Data provided section start
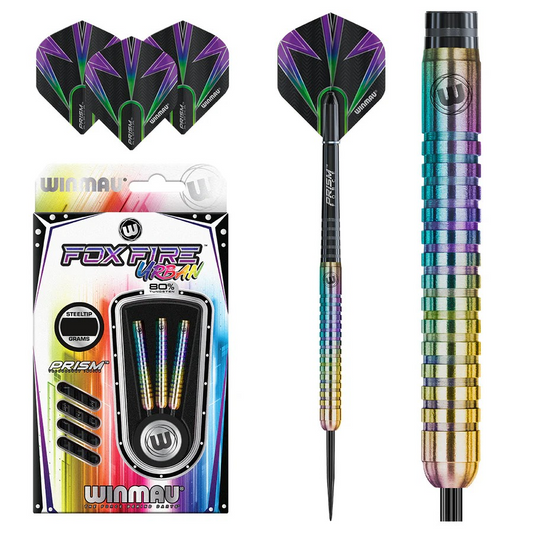 Winmau FoxFire Urban 80% Tungsten Steeltip Darts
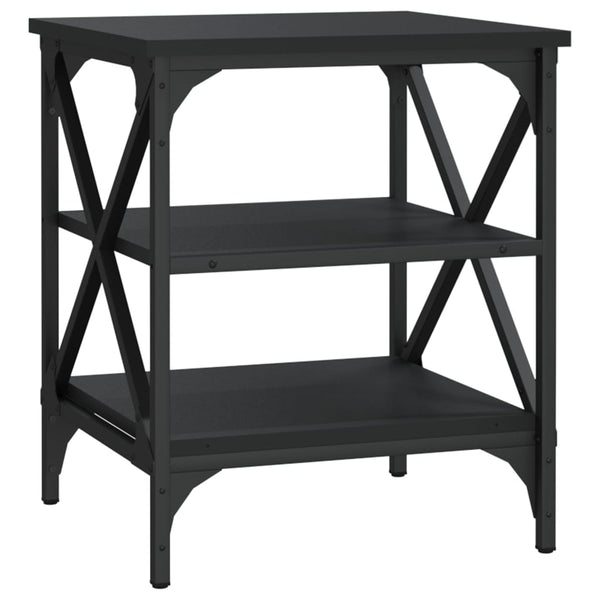 Schwarze Beistelltische Toliana 40x42x50cm (2 Stück Holz)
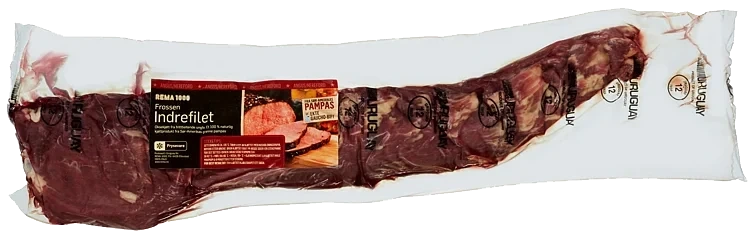 Indrefilet frossen  10xca.1,2kg  kg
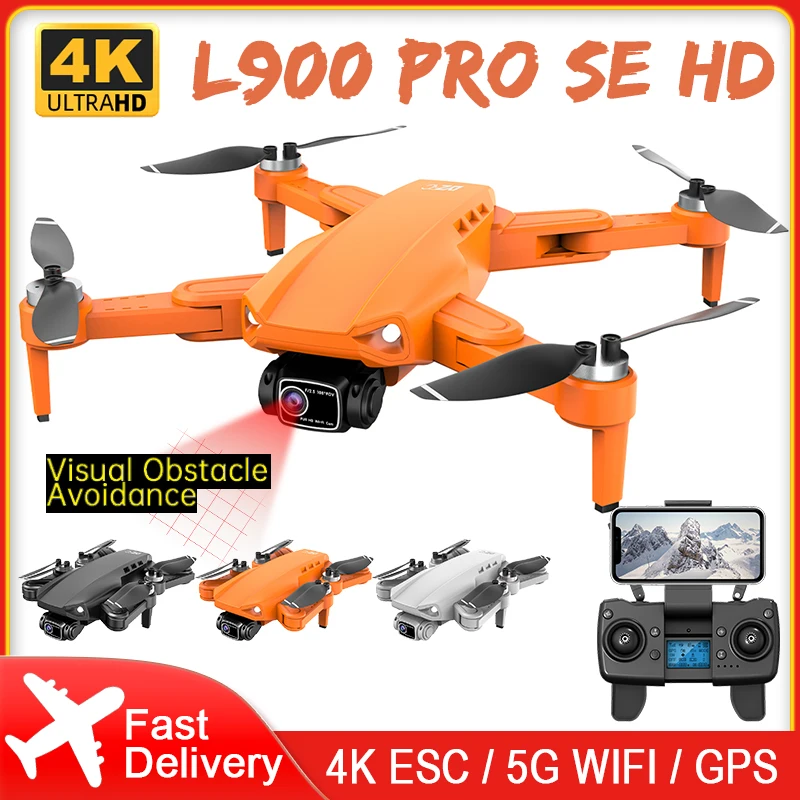 L900 PRO SE HD Drone 4K Professional GPS FPV Dual HD Дроны с визуальным предотвращением препятствий 5G WiFi RC Quadcopter VS KF101 SG108 - изображение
Data provided section end
Your instructions => An exact copy is needed of the lines running from the one containing "Schwarze Beistelltische Toliana" through the last line of the material, and of no others; pictures stay out.

Answer for the task =>
 Schwarze Beistelltische Toliana 40x42x50cm (2 Stück Holz)
 Indrefilet frossen  10xca.1,2kg  kg
 L900 PRO SE HD Drone 4K Professional GPS FPV Dual HD Дроны с визуальным предотвращением препятствий 5G WiFi RC Quadcopter VS KF101 SG108 - изображение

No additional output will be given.